When we read as children, we look for escape and adventure. We look to recognise ourselves and learn about our place in the world, and the place of our fellow human beings. Children’s books tell us that people with facial differences are the baddies; that scars are terrifying and should be feared along with the person who owns them; that disabled people are never the hero or the love interest, but that they do need rescuing, curing or fixing; that disabled people are both inspiration and warning.
This is not just in classic stories. It still happens in books that are published today.

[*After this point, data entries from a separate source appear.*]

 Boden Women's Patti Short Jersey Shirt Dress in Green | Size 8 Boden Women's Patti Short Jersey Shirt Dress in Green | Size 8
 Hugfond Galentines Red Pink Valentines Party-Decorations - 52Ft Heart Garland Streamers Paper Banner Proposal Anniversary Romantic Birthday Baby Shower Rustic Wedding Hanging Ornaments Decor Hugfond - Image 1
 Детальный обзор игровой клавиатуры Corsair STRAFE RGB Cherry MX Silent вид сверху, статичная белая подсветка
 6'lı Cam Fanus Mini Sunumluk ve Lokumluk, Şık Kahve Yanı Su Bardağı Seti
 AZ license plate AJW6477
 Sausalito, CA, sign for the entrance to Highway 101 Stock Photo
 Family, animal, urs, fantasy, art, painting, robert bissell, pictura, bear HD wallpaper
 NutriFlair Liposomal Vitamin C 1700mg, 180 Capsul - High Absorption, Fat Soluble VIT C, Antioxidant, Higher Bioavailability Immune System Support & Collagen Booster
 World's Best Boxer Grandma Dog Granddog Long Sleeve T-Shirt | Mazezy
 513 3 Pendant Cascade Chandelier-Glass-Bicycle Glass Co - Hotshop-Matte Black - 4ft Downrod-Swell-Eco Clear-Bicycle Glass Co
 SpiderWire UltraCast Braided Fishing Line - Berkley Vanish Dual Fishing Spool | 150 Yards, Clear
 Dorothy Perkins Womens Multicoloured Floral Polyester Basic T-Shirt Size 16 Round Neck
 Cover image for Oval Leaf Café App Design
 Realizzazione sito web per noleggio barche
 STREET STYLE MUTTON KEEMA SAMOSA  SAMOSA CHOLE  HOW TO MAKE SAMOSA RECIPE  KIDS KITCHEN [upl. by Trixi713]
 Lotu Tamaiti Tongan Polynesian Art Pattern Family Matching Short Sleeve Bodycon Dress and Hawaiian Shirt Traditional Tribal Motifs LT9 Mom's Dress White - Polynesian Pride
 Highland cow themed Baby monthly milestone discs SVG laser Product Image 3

In 2018, the Papworth Trust reported that 7% of UK children are disabled, and 10% live in a family with at least one disabled child. That’s 7% of children picking up books that have no positive role models in which to see themselves reflected—just harmful and outdated tropes. That’s 93% of children seeing their disabled peers in an othering and threatening light.
Stories seep into us; that is their magic. Words are powerful, and they perpetuate harm when facial difference and disability are used as a shorthand for evil. It is a dangerous trope that must stop.
On reflection
All children deserve to see themselves in the books that they read—not as one-dimensional monsters, but as real, rounded characters with flaws, dreams and hopes. This is why the representation of disabled people in children’s literature is a massive opportunity for the publishing industry, to not just rectify these past (and unfortunately still continuing) wrongs, but to supply us with new heroes and adventurers, new love interests and new stories.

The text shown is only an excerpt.